Tested comfort levels with AI (most already used ChatGPT casually)

What I heard

"I want to see what’s sitting too long, not mess with filters."

“Every time the owner asks for a report, it’s a half-day in Excel.”

“How can I trust AI if I can’t see where the numbers came from.”

“How can I trust AI if I can’t see where the numbers came from.”

“We make decisions on instinct because it’s faster than pulling the data.”

“We make decisions on instinct because it’s faster than pulling the data.”

“I want to walk into a meeting with a chart ready, not raw data.”

“I don’t care about another dashboard unless it actually saves me time."

What does all this mean?

Dealers don’t want “search,” they want answers

Every output needs to link back to the source data

The key value isn’t new dashboards, it’s speed-to-report

Adoption depends on making it feel like part of their workflow, not “new tech”

My guardrails

Every output links back to its table/view

Entry point must be intuitive, simple and not frustrating

AI auto-detects context (Inventory, Finance, etc.)

Design exploration

Modal vs. Drawer

Modal won: lets dealers see data while prompting and navigate freely. Drawer took too much space and broke navigation.

Clipping issue

Original search design inputs clipped long prompts. Replaced with expandable stacked input for clarity, it also used layer blur, but in practice caused all the text to distort so switched to a box shadow.

Sidebar placement

Broke mental model, sider bar = navigation not action.

Top Bar placement

Stole space from core CTAs, repeats across every screen.

Floating input

Always there, minimal friction, fits “ask anywhere” idea, but can cause issue as it blocks lower screen data.

Final Design

Floating Input Button

  • Bottom-centre button styled like a text field

  • Glass background so it doesn’t block dashboards

  • Expands into full overlay on click

Text + Voice

  • Dealers type or record voice

  • Voice is transcribed to text before sending

  • Preview, confirm, or discard

Contextual

  • Links to the current dashboard/dataset automatically

  • Context stays active even when switching screens

  • Dealers can switch context to different datasets

Conversation

  • Full chat history

  • Start new or pick up recent conversations

  • Minimise panel to keep working while AI processes

  • Little space as dealers required quick, short answers in text form, so graphs, charts and deep insights are sent as a downloadable link. (also saves on generation tokens)

More Menu

  • Mark chats as private or team-shared

  • Access complete history

  • Switch between models (own API key or managed plan)

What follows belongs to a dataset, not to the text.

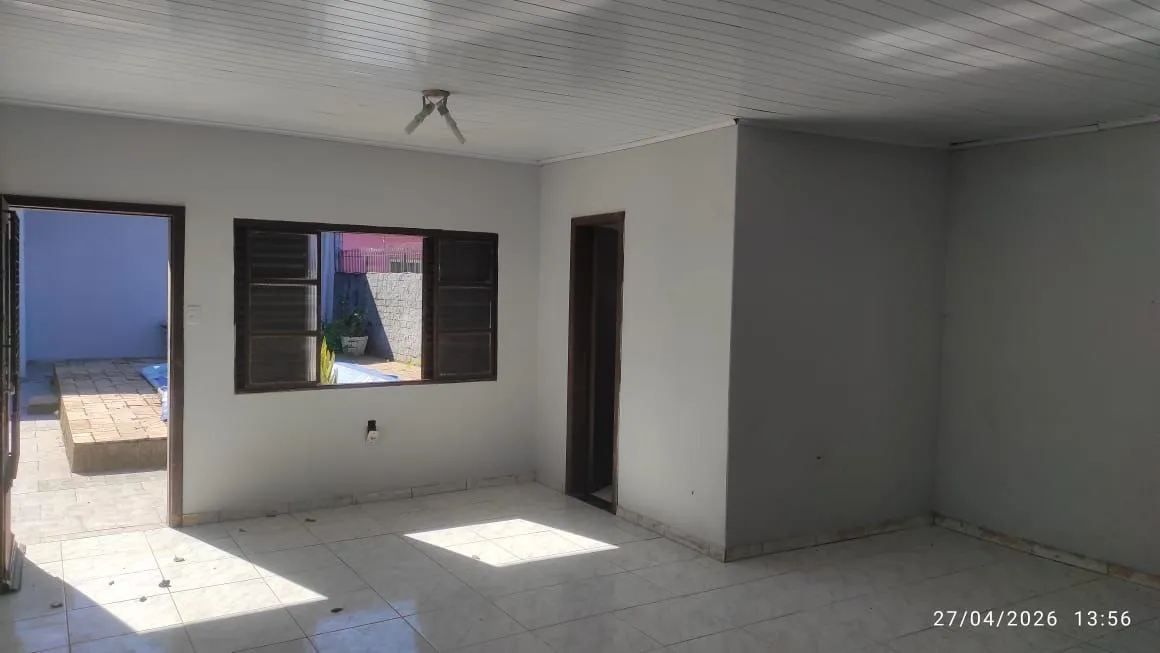 Imagem Casa com piscina e salão de festas a venda Canoas / 3 Dormitórios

  • Settings is accessed in account area

The Impact

Dealer satisfaction nearly doubled, from 38% to 71% (86% increase CSAT Scores)

Reporting became part of the meeting, not prep work before it

Teams started basing decisions on data instead of instinct

Dealers told us the DMS “felt complete” with insights built in

Learnings

Dealers didn’t care about “AI features.” They cared about speed, clarity, and trust. By placing this inside their daily flow and keeping outputs transparent, we built something dealers used every day, and something they could actually rely on.